Wir dürfen nicht vergessen, was um uns herum vorgeht. Wir dürfen nicht vergessen machen lassen, wie weit kriminelle Elemente schon in die Schaltstellen der Macht vorgedrungen sind.
Der Film ist wie ein Kontrastprogramm zur Einlullung, der wir täglich ausgesetzt sind. Lassen Sie uns gemeinsam dafür arbeiten, dass sich nicht immer mehr von unseren Freunden einlullen lassen. Deshalb dieser Appell zur Aufklärung. Im Übrigen ist der Film nicht nur bedrückend, sondern auch spannend. Der Aufwand lohnt sich.
Realität auf der Leinwand
Nachdem der NSA-Skandal und die Enthüllungen Edward Snowdens bereits in die Geschichtsbücher eingegangen sind, hat auch die Filmindustrie das Thema aufgegriffen und daraus einen Film gezaubert, der keine Propaganda, sondern vielmehr ein Abbild der Realität vermittelt. Was der Zuschauer jedoch daraus macht, bleibt ihm selbst überlassen. Von Emran Feroz.
Mitten während des Liebesaktes mit seiner Freundin fällt Snowden (Joseph Gordon-Levitt) auf, dass er beobachtet wird. Die Webcam des Computers ist direkt auf das Bett des Paares gerichtet. Ob sie ausgeschaltet ist oder nicht, weiß man nicht. Immerhin lässt sie sich auch extern bedienen. Und genau das macht die NSA regelmäßig, um jede x-beliebige Person auszuspähen, wie Snowden selbst noch vor ein paar Tagen miterlebte.
Szenen wie diese sind prägend für „Snowden“, der seit Ende September in den Kinos läuft – und sie erinnern die Zuschauer für einen Moment daran, in was für einer Realität sie sich befinden. 2016 lässt 1984 nämlich wie einen Witz erscheinen.
Wie oft betrachten wir immer noch unsere Kameras am Laptop oder am Smartphone und fragen uns, ob wir gerade in diesem Moment von jemandem beobachtet werden?
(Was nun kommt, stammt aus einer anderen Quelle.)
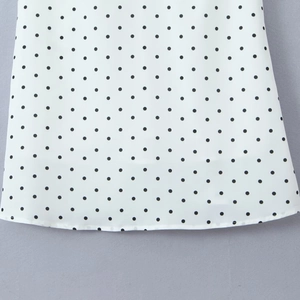 Détail du tissu à pois blancs avec ourlet incurvé et finitions de couture précises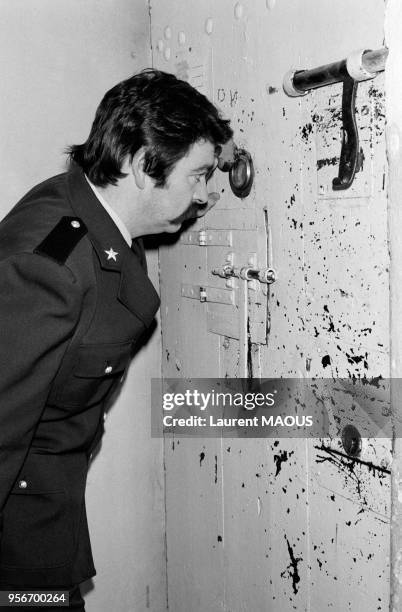 Un surveillant de prison regarde un prisonnier à l'intérieur d'une cellule en mars 1985 à Draguignan, France.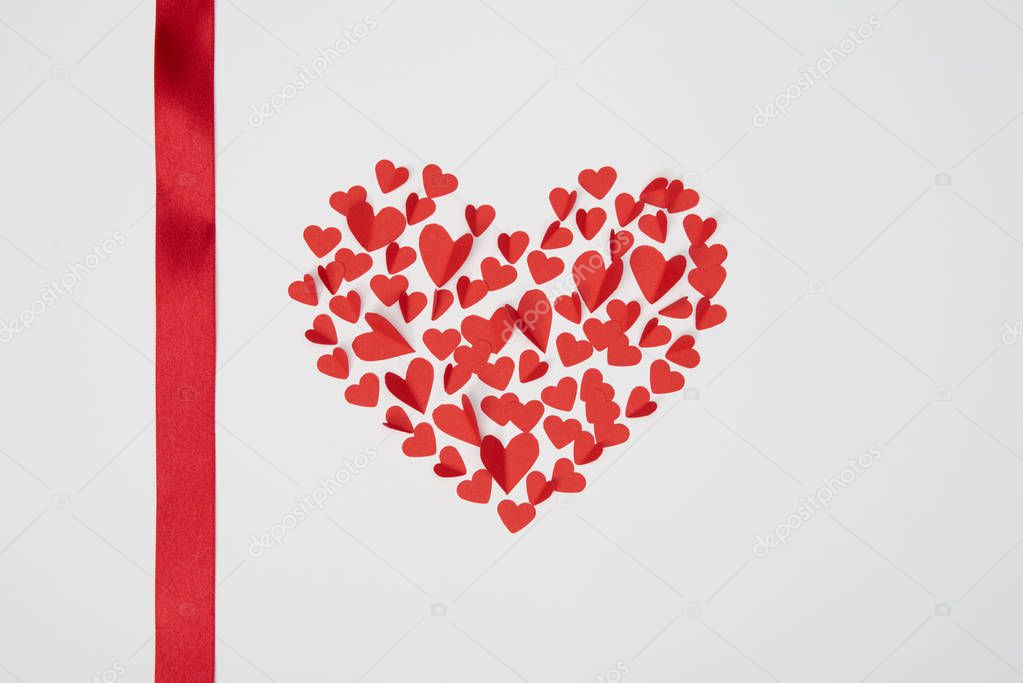 heart shaped arrangement of small red paper cut hearts with satin ribbon on white background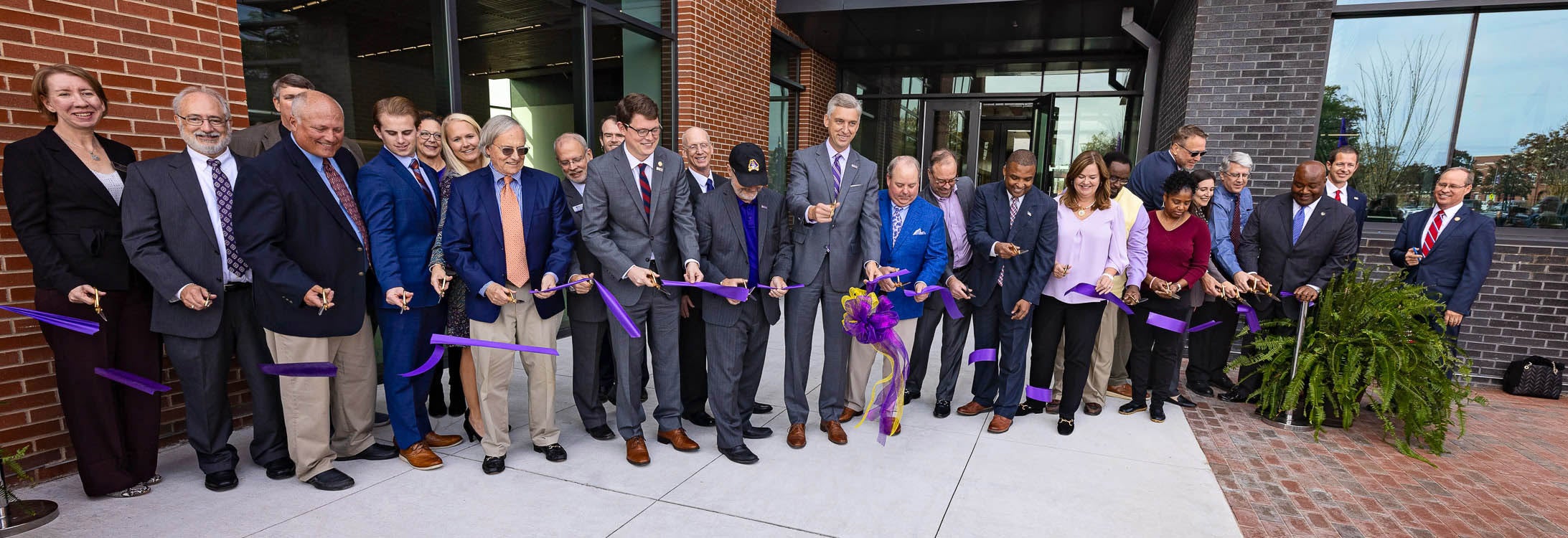 Chancellor Philip Rogers, ECU Board of Trustees members and other dignitaries cut the ribbon to officially open the new Life Sciences and Biotechnology Building.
Und wie oft stellen wir uns die Frage, ob durch all die Mikrophone – durch all diese Wanzen, die wir uns selber ins Haus gebracht haben und die wir stets mit uns führen – nicht doch gerade jemand mithört?
Ja, wir tun es ab und zu. Allerdings verdrängen wir es auch schnell wieder – und leben weiter in den überwachten Tag hinein. Trotz der vordergründigen Liebesgeschichte ist „Snowden“ vor allem eine Erinnerung an diesen verdrängten Alltag.
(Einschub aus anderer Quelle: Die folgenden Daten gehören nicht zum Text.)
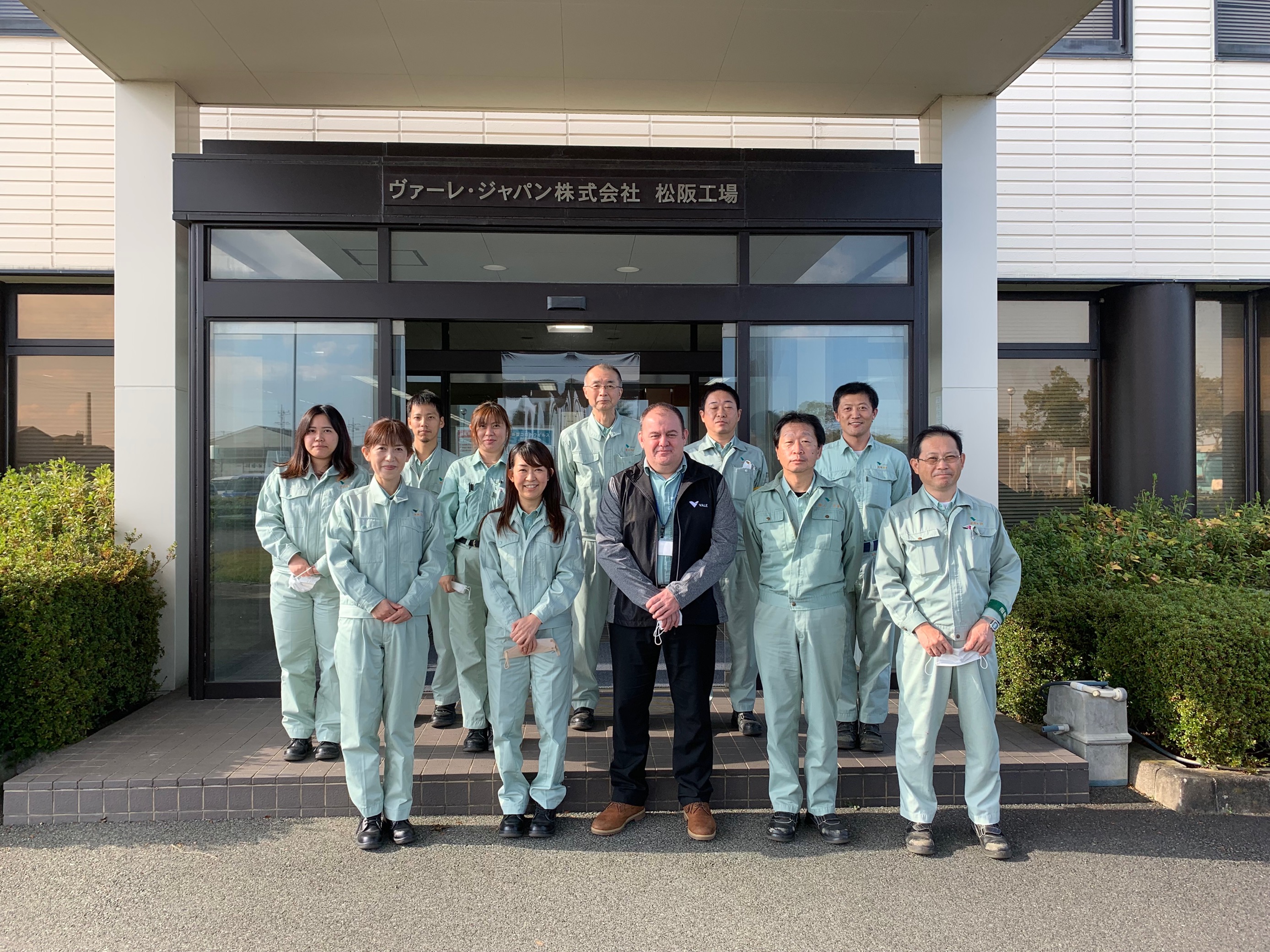 A group of Vale's employees in front of the entrance of a building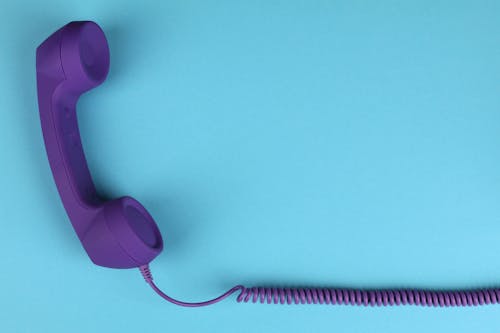 Purple Telephone on Blue Background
Es gehört nämlich weiterhin zum Alltag, dass amerikanische Geheimdienste jeden überwachen, den sie wollen – seien es nun Privatpersonen, ausländische Wirtschaftskonzerne oder Politiker und Diplomaten. Mit den ermittelten Daten lässt sich viel anrichten. Die Liste ist lang, sie geht von einfacher Erpressung bis hin zum Drohnen-Angriff in Afghanistan, der unschuldige Menschen in Stücke zerfetzt.
All diese Dinge sieht Snowden – und er stellt sie in Frage. In den zweieinhalb Stunden erlebt man eindrücklich, wie seine grundlegenden, anfangs sehr konservativen Überzeugungen erschüttert werden und sich seine Weltanschauung verändert. Das Resultat dieses Prozesses machte ihn zum berühmtesten Whistleblower der Geschichte.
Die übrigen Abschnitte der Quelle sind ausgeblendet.